WORK ORDER
Where the records below reach the line containing "Große Muffinform Silikon", start transcribing, and end with the line containing "Nouveau 2 Small", exactly and with nothing else added.

PROVIDED DATA
──────────
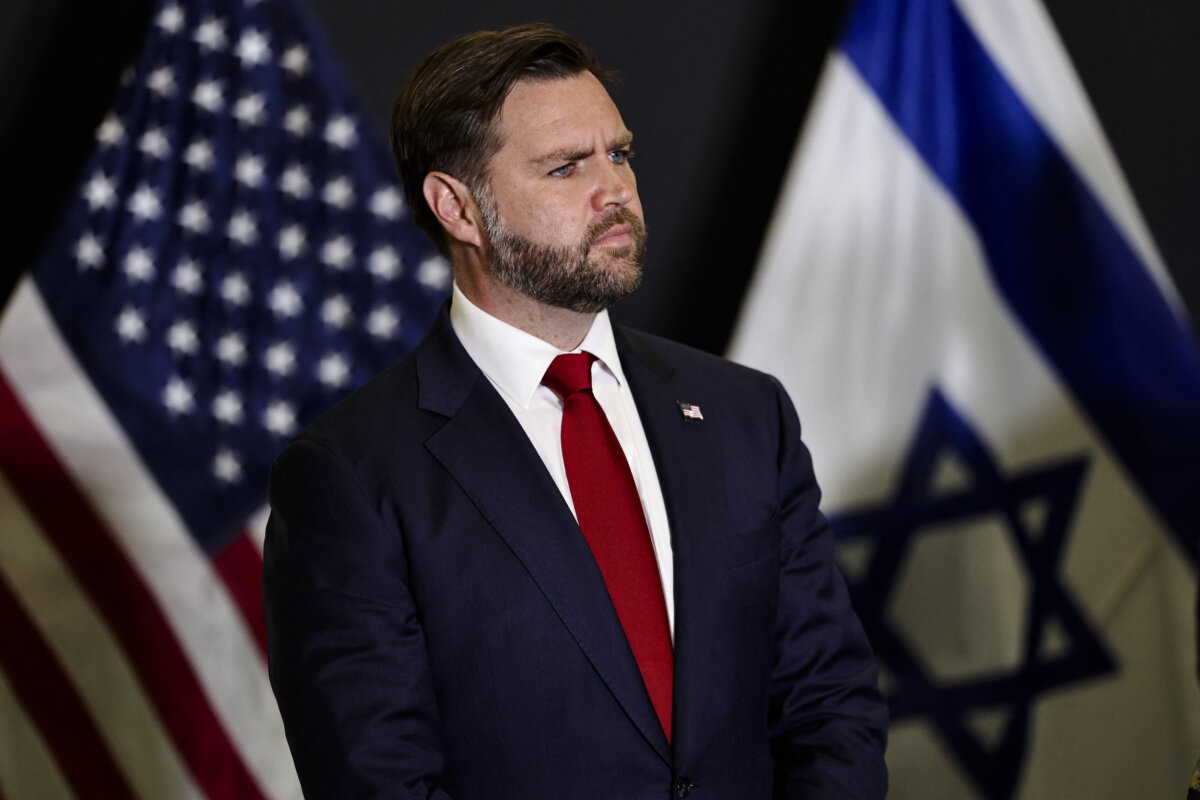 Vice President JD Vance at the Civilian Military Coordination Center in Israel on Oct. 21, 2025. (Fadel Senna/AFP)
──────────
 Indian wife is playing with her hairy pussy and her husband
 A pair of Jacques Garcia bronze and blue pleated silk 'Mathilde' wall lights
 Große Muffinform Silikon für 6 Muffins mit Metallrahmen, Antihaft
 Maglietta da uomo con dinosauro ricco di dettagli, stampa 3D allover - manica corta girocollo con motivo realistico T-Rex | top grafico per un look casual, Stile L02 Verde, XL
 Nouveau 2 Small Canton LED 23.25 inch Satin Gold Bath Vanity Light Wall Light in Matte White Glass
──────────
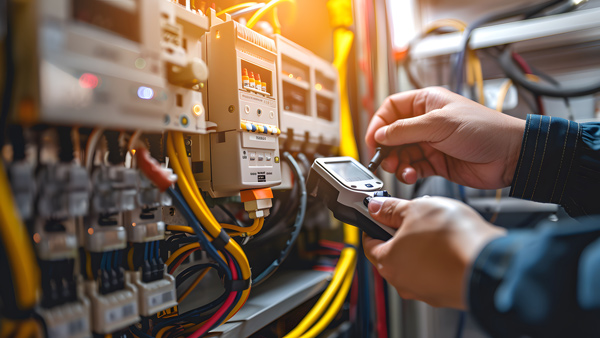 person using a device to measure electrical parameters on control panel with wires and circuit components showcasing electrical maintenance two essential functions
──────────
ANSWER SECTION
 Große Muffinform Silikon für 6 Muffins mit Metallrahmen, Antihaft
 Maglietta da uomo con dinosauro ricco di dettagli, stampa 3D allover - manica corta girocollo con motivo realistico T-Rex | top grafico per un look casual, Stile L02 Verde, XL
 Nouveau 2 Small Canton LED 23.25 inch Satin Gold Bath Vanity Light Wall Light in Matte White Glass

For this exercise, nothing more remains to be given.